Exhumation of Archbishop Camomot’s remains set today
The remains of the late Archbishop Teofilo Camomot are set to be exhumed today to determine his physical features as part of his cause for sainthood.
Fr. Mhar Vincent Balili, the vice postulator of the cause of sainthood of the late Cebuano prelate, said they need to exhume Camomot’s remains and transfer it to Domus Teofilo (House of Teofilo), a museum that houses the personal belongings and writings of the archbishop.
“We want to put his remains in a bigger space considering the number of people who visit Archbishop Camomot,” he explained.
Balili said the Daughters of St. Therese (DST) compound in Barangay Valladolid in Carcar City, where Camomot was buried, has been closed to the public for the private proceedings which will start with a Mass at 9 a.m.
This is not the first time that the remains of the late archbishop are exhumed.
In 2009, Camomot’s body was exhumed from the public cemetery in Carcar City. It was transferred to the compound of the DST, a congregation that he founded.
A team of forensic experts from Manila led by Dr. Erwin Efre arrived on Tuesday evening to facilitate the exhumation process.
“We want to determine the state of his body and hear the assessment of the forensic experts,” Balili told Cebu Daily News.
Fr. Samson Silloriquez, the Rome-based postulator for Camomot’s cause for sainthood, will also be present during the examination and exhumation of the archbishop’s body.
The process is expected to last for eight hours. It will determine details about Camomot such as his height and other features.
“His remains include bones and some tissues. A sponge-like part of his heart and lungs are still there,” Balili said.
Camomot’s remains will be used as relics preserved for purposes of veneration as a tangible memorial in case he will be declared a saint in the future.
The remains of Camomot will be transferred to Domus Teofilo, which is located about a hundred meters from the existing tomb of Camomot.
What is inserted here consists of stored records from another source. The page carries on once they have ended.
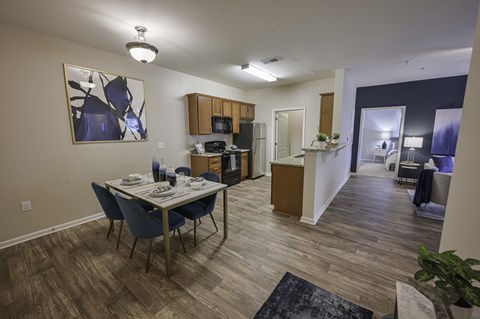 Dining, Kitchen and Living Room Area with Plank Wood Floors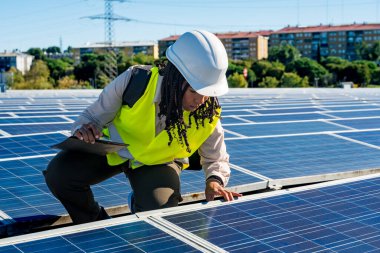 Ticari bir binanın çatısındaki fotovoltaik güneş panellerini denetleyerek yenilenebilir enerji sistemi verimliliğini ve sürdürülebilir işlevini güvence altına alan bir kadın mühendis.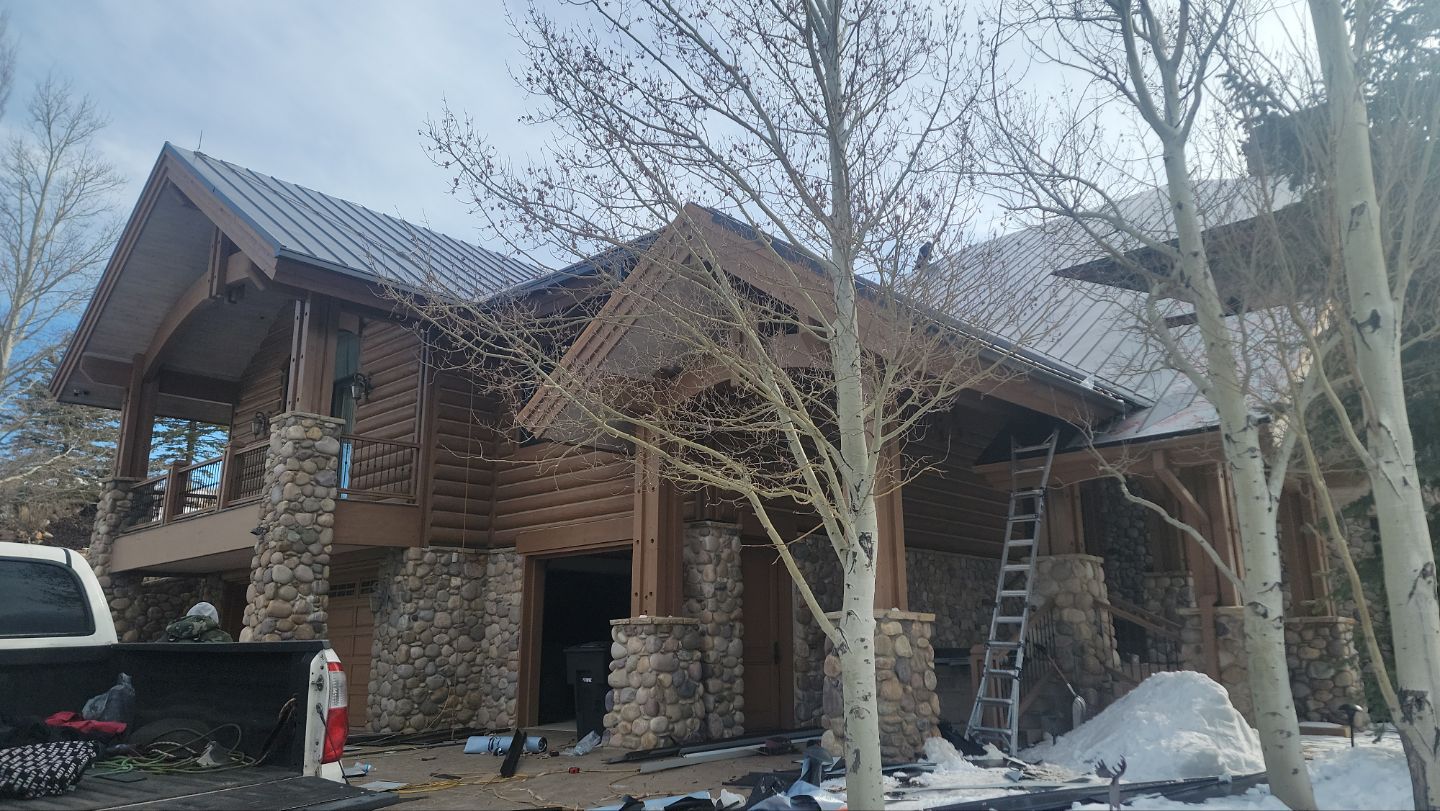 Standing Seam Metal Roof Replacement After Snow Damage by ASAP Roofing & Restoration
Only Cebu Archbishop Jose Palma, some priests, the DST sisters and relatives of Camomot are allowed to witness the examination of the late archbishop’s body.
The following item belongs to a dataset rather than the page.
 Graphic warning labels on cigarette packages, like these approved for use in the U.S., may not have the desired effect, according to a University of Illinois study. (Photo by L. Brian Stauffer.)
The public will be allowed to view Camomot’s remains from 5 p.m. on Wednesday to 4 p.m. on Thursday.
Palma will preside over the 4 p.m. Mass at Domus Teofilo on Thursday before Camomot’s remains will be interred in his new tomb.
Since the tomb is only covered by a glass on its top, the casket will be seen by anyone who will visit the museum.
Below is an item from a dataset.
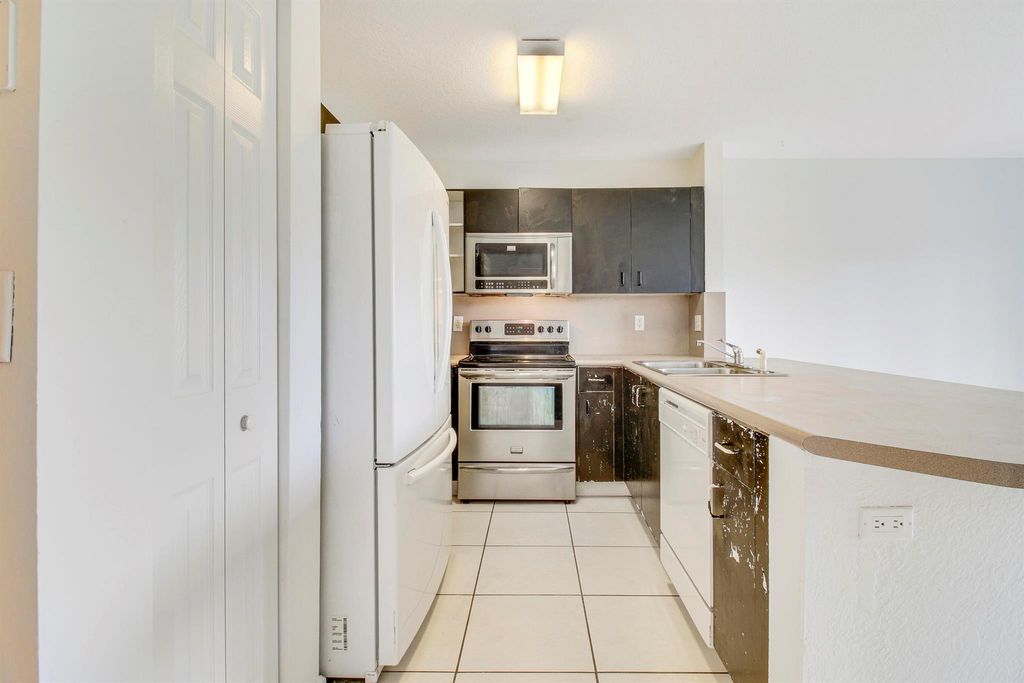 Photo of 986 Summit Lake Drive, West Palm Beach, FL 33406 (MLS # R11012877)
Balili called on the public to maintain an orderly and peaceful viewing of Camomot’s remains.
He said taking of photographs is discouraged.
“Just pray there,” Balili said.
The Vatican’s Congregation for the Causes of Saints has approved the diocesan process for the cause of sainthood of Camomot last November 2017.
Camomot was known for his extreme generosity and love for the poor.
The diocesan process includes gathering of documents and writings of Camomot and testimonies of witnesses, who had personal encounters with the archbishop.
The next part would be the preparation of the Positio which would summarize the life and virtues of Camomot.
Balili said the Positio includes the biography of Camomot, the testimonies of witnesses and explanation why the late archbishop should be declared a saint of the Catholic Church.
When the Positio is finished, it will be submitted to the Congregation for the Causes of Saints in Rome. It will be studied by theologians and then passed to the cardinal members of the congregation who in turn will vote.
Their votes will determines whether the cause will continue or end. If the vote is affirmative, the recommendation of a Decree of Heroic Virtues is sent to the Pope.
Camomot will be called “venerable” once the candidate’s heroic virtues have been recognized by the Pope.
“From there, we wait for one miracle so that he will become a blessed. And once he becomes a blessed, we will wait for another miracle to become a saint,” Balili said.
Camomot, fondly known as Monsignor Lolong, was known for his exceptional love for the poor.
The Carcar City native pawned his episcopal ring and pectoral cross (the large crucifix worn by bishops) and gave the proceeds to the poor.
The archbishop would also give away whatever he had to the needy.
Camomot died in a vehicular accident in San Fernando town on Sept. 27, 1988.
He was 74.
The Archdiocese of Cebu ruled that the heroic virtues demonstrated by Archbishop Camomot are worthy of sainthood.
If his cause for sainthood will be approved by the Pope, Camomot will become the Philippines’ third saint next to San Lorenzo Ruiz de Manila and San Pedro Calungsod.